--- Stored data ---

⟨

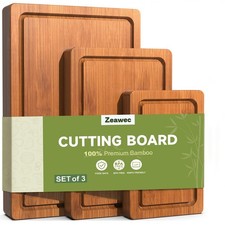 3-Piece Set Deep-Carbonized Bamboo Cutting Board for 3-piece, Carbonized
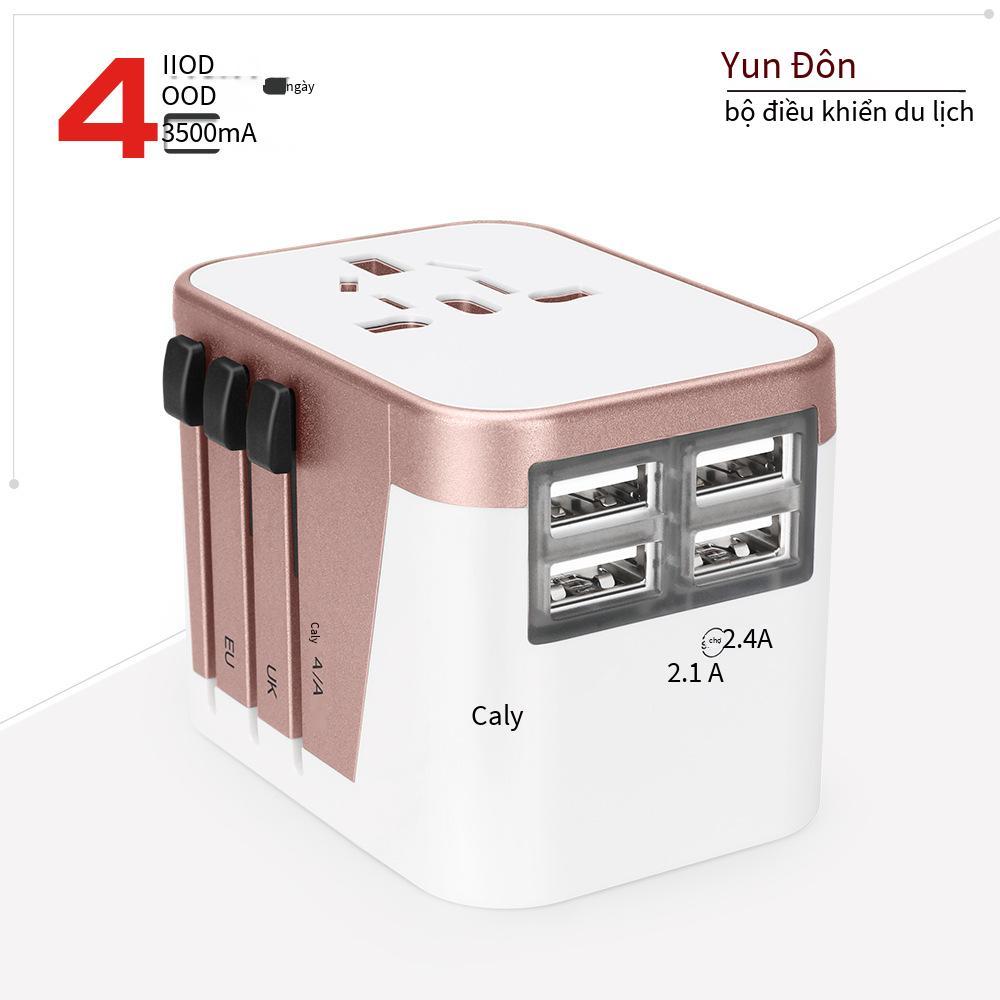 Kiểu ổ cắm du lịch đa năng mới nhất, một lượt, tiêu chuẩn đa châu Âu, ổ cắm chuyển đổi USB tiêu chuẩn Anh, phích cắm chuyển đổi đa quốc gia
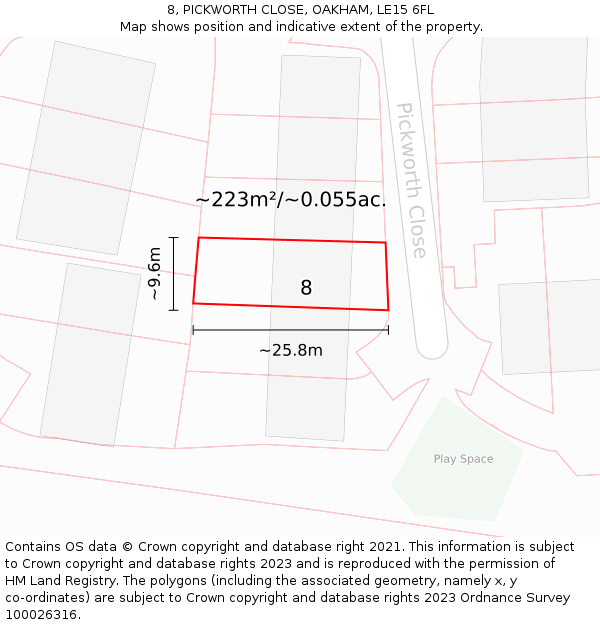 8, PICKWORTH CLOSE, OAKHAM, LE15 6FL: Plot and title map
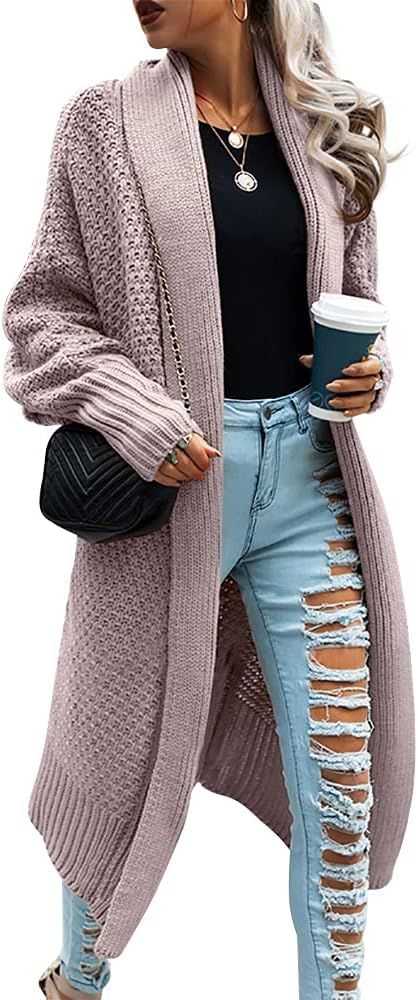 GeGekoko Womens Open Front Cardigan Sweaters Oversized Batwing Chunky Knit Outwear | Amazon (US)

⟩

--- Instructions to follow ---
Reproduce the material word for word, pictures excluded.

--- Result for this task ---
 3-Piece Set Deep-Carbonized Bamboo Cutting Board for 3-piece, Carbonized
 Kiểu ổ cắm du lịch đa năng mới nhất, một lượt, tiêu chuẩn đa châu Âu, ổ cắm chuyển đổi USB tiêu chuẩn Anh, phích cắm chuyển đổi đa quốc gia
 8, PICKWORTH CLOSE, OAKHAM, LE15 6FL: Plot and title map
 GeGekoko Womens Open Front Cardigan Sweaters Oversized Batwing Chunky Knit Outwear | Amazon (US)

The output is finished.